Capacity allocation analysis of neural networks: A tool for principled architecture design
This provides a tool for principled architecture design, addressing a foundational issue in machine learning, though it is incremental as it builds on existing linear analysis methods.
The paper tackles the problem of understanding what neural network architectures focus their modeling capacity on for given tasks by introducing capacity allocation analysis, which quantifies the effective parameters allocated to dependencies in the input space, and applies it to compare classical architectures on synthetic tasks.
Designing neural network architectures is a task that lies somewhere between science and art. For a given task, some architectures are eventually preferred over others, based on a mix of intuition, experience, experimentation and luck. For many tasks, the final word is attributed to the loss function, while for some others a further perceptual evaluation is necessary to assess and compare performance across models.

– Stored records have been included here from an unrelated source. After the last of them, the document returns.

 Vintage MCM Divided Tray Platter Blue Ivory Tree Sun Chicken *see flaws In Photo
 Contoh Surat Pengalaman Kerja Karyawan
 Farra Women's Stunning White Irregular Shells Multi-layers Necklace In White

In this paper, we introduce the concept of capacity allocation analysis, with the aim of shedding some light on what network architectures focus their modelling capacity on, when used on a given task. We focus more particularly on spatial capacity allocation, which analyzes a posteriori the effective number of parameters that a given model has allocated for modelling dependencies on a given point or region in the input space, in linear settings. We use this framework to perform a quantitative comparison between some classical architectures on various synthetic tasks. Finally, we consider how capacity allocation might translate in non-linear settings.